Were you aware that, in 1996, cocreator of South Park Trey Parker directed a film called For Goodness Sake on the subject of race in American life? Dennis Prager and Larry Elder host, and, though it’s rough around the edges, many of the vignettes – remember, this film was made when noted American Aboriginal Elizabeth Warren was still teaching Bankruptcy at Harvard Law School – are bitingly true today.
Watching this, and reading the comments on YouTube and in various places where it has been posted, suggests that the video resounds with what most people normal people believe about the left’s identity politics: that they represent a poisonous pill. Worth watching !
Here individuals of all nations are melted into a new race of men, whose labours and posterity will one day cause great changes in the world. J. Hector St. John de Crèvecoeur,
Letters from an American Farmer, 1782
You might also read Roger Kimball, typically excellent on this subject or, if I may borrow from a source of Roger’s, Gertrude Himmelfarb, who in The Roads to Modernity: The British, French, and American Enlightenments (2004), tells this story from the presidency of Jefferson, who is famously known as having said “[i]t does me no injury for my neighbor to say there are twenty gods or no god.

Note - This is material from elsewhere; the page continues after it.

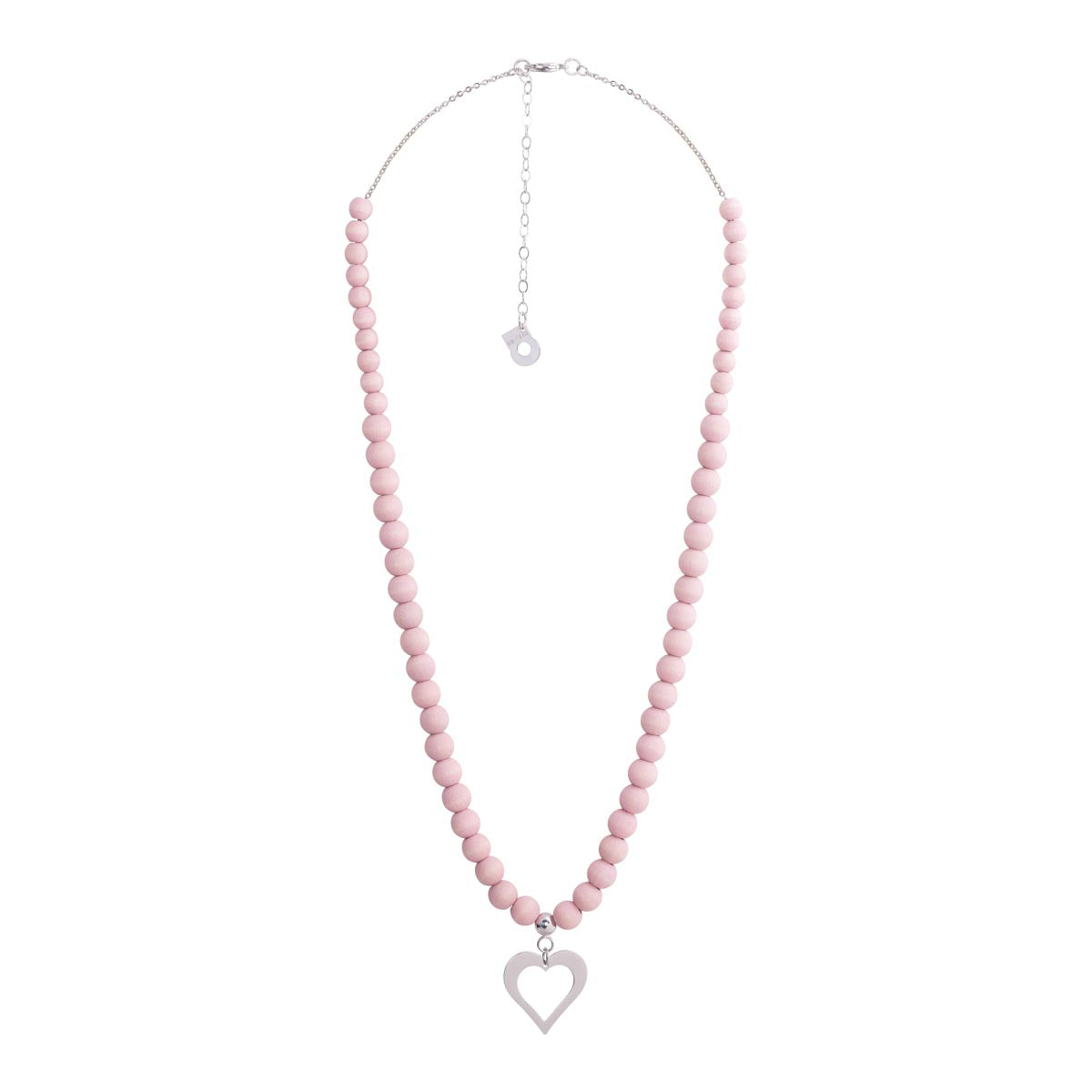 Valentine necklace, pink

It neither picks my pocket nor breaks my leg.”
As Himmelfarb puts it:
On his way to church one Sunday, Jefferson was met by a friend.
“You going to church Mr. J. You do not believe a word in it.”
“Sir [Jefferson replied], no nation has ever yet existed or been governed without religion. Nor can be. The Christian religion is the best religion that has been given to man and I as chief Magistrate of this nation am bound to give it the sanction of my example. Good morning Sir.”